Category sort keys can exceed the capacity of cl_sortkey, yet that is not correctly handled
Open, Needs TriagePublic

Description

The cl_sortkey column can only hold 230 bytes, and sort keys generated by the subclasses of Collation can be longer than that, even for the simple "identity" and "uppercase" collations. Unfortunately, this is not correctly handled by MediaWiki. This would result in either an error or silent truncation of the sort key when updating the DB. Specifically:

  • LinksUpdate only truncates the sort key prefixes stored in $this->mCategories (and confusingly referred to as "sort keys") to 255 bytes. It does not truncate actual sort keys at all.
  • MovePage resets sort keys, and it also does not truncate them before sending them to the DB.

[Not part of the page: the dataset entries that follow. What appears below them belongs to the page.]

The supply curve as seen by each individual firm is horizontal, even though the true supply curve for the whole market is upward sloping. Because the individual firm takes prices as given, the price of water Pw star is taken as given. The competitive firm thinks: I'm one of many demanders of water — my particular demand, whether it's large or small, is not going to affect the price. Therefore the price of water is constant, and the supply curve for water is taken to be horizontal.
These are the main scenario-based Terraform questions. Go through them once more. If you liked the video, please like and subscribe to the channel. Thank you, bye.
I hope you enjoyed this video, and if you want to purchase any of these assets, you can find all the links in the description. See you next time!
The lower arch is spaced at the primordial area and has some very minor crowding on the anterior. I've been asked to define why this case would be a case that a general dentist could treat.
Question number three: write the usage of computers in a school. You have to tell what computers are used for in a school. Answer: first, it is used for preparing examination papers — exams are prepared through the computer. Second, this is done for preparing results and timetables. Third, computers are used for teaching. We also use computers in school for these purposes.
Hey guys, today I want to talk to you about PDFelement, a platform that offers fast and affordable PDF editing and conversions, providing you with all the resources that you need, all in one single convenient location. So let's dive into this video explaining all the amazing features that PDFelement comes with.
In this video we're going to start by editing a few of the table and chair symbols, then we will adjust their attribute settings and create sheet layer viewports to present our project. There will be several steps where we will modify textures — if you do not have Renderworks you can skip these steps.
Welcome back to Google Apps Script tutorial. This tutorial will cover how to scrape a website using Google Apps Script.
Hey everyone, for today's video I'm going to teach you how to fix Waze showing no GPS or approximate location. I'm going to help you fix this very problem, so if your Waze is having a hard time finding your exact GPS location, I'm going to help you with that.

Also, there are issues when performing read queries:

CategoryViewer's pagination code does not take truncation (or even the possibility of a duplicate sort key) into account, which could cause pages to be skipped going forward or to repeat going backward, because the truncated sort key sorts before the untruncated sort key. Also, duplication of sort keys could cause pages to repeat going forward or to be skipped going backward.

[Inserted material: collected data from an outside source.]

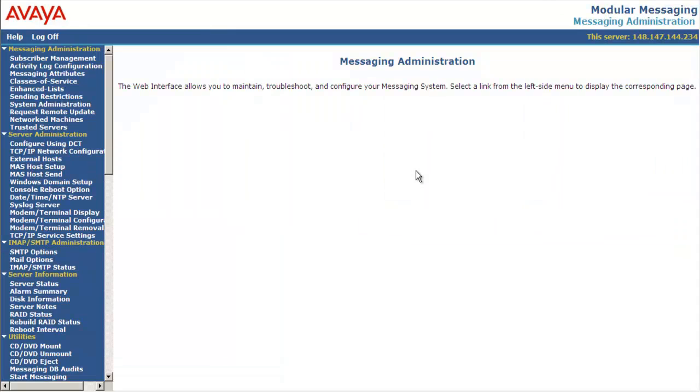Here is the messaging administration page for message storage server. Go to Server Administration TCP/IP Service Settings.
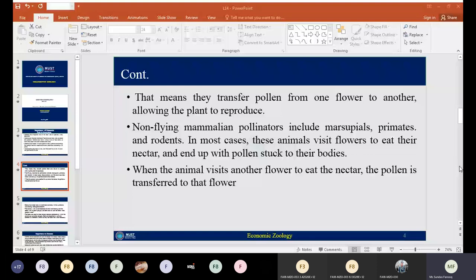Mammals play an important role in seed dispersal. Some mammals have body structures that bear hair, and plant seeds get attached to their bodies. They play an important role in transporting seeds from one place to another. Through this seed dispersal mechanism, they can also play an important role in biodiversity.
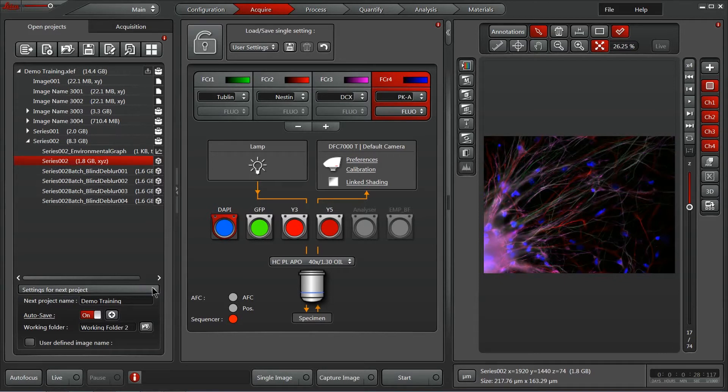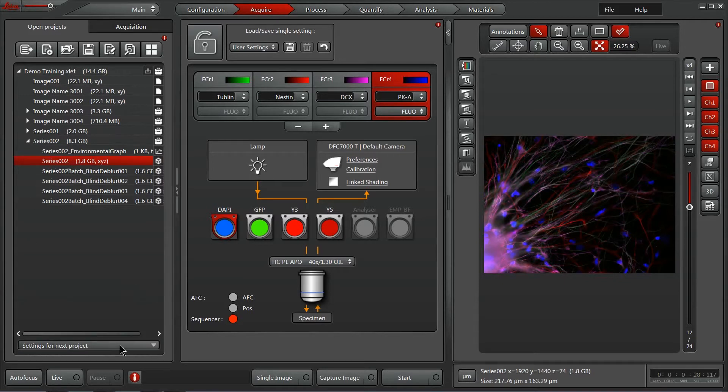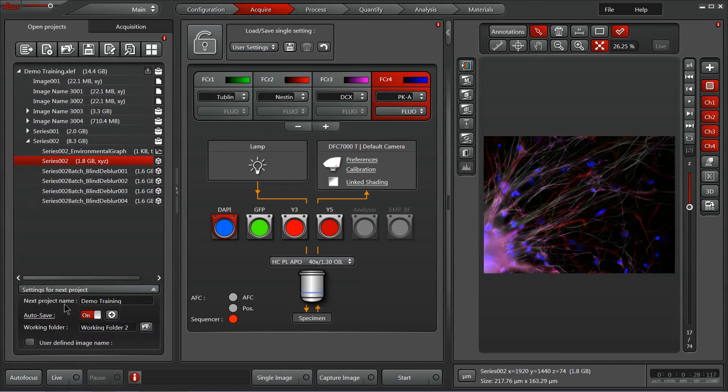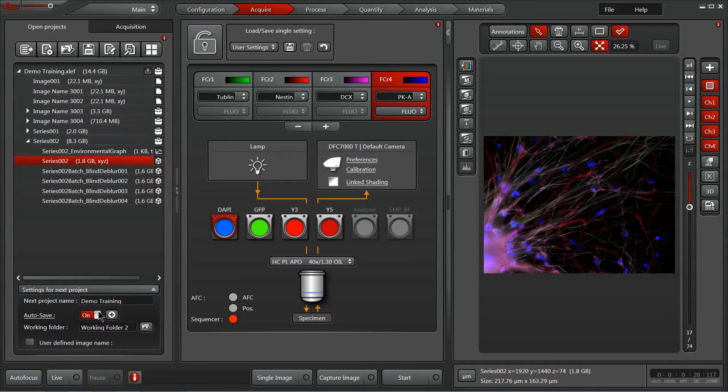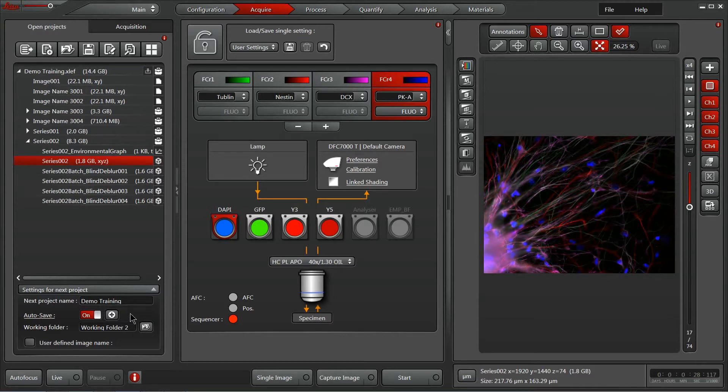Also, here on the bottom, we've got a settings for new projects tab within which you can actually activate an autosave feature. I like this because I like to have things automatically saved. If you hit this plus sign, you can also get access to the folder tree wherein all that autosave data is going to be saved for you.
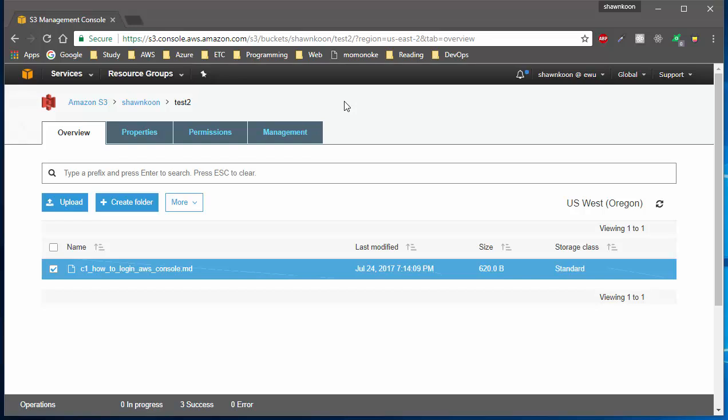That's how you create an expiration date and set up a lifecycle policy in an S3 bucket. If you guys have any questions, please leave questions in the comment section below, and I'll see you guys next time. Thanks!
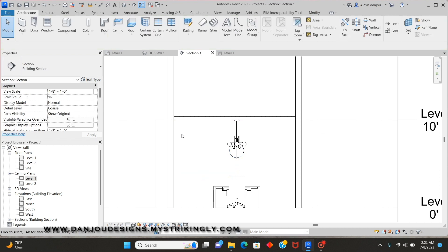That is the first method — when you render, the light will turn on. I'm also going to upload a rendering image of that at the end of this video.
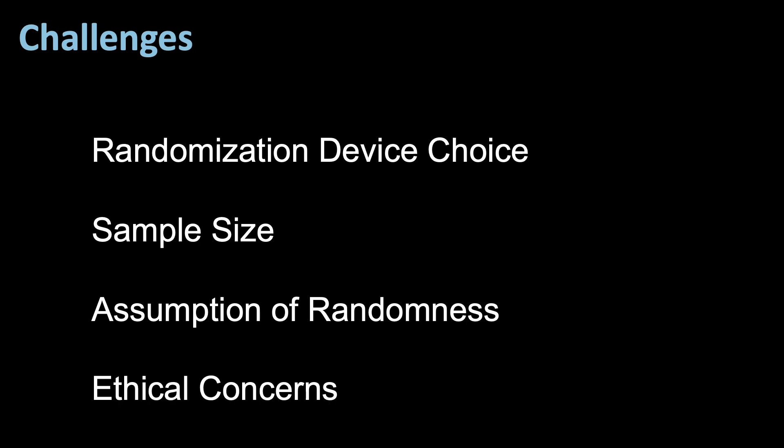Finally, ethical concerns. Ethical considerations surrounding the use of randomized response should be taken into account, as some respondents may feel uncomfortable with the randomization process. In fact, studies have shown that some respondents feel as they are lying if their answer is now untrue due to the randomized response technique.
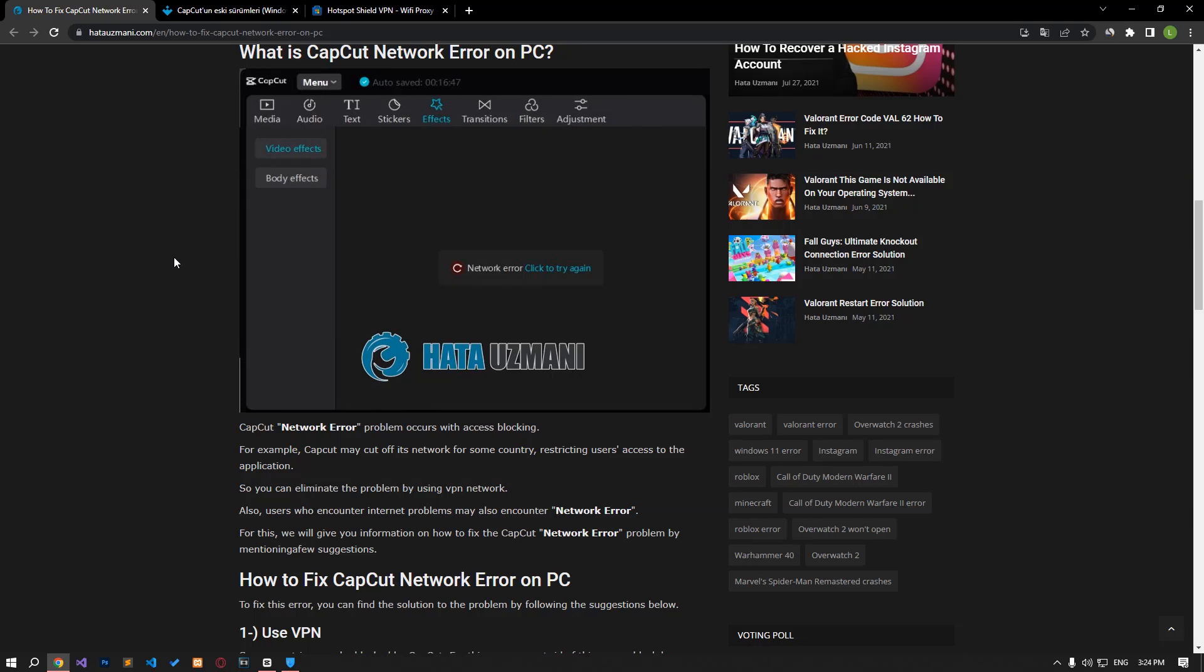Hello everyone, welcome to the BugExpert channel. In this video, we will talk about solutions for friends who encounter CapCut network error.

One way to address this would be to, in addition to truncating the generated sort key before performing the query, add the page ID to the next/previous page URL (e.g. as a third part of the {page,subcat,file}{from,until} value, separated by a pipe character, tab, or other character disallowed in titles that is not a line feed).

Category::getMembers() allows an $offset argument, which is just the sort key and not also the page ID, though I did not find any callers that actually supply an offset.

Some extensions probably also have similar issues.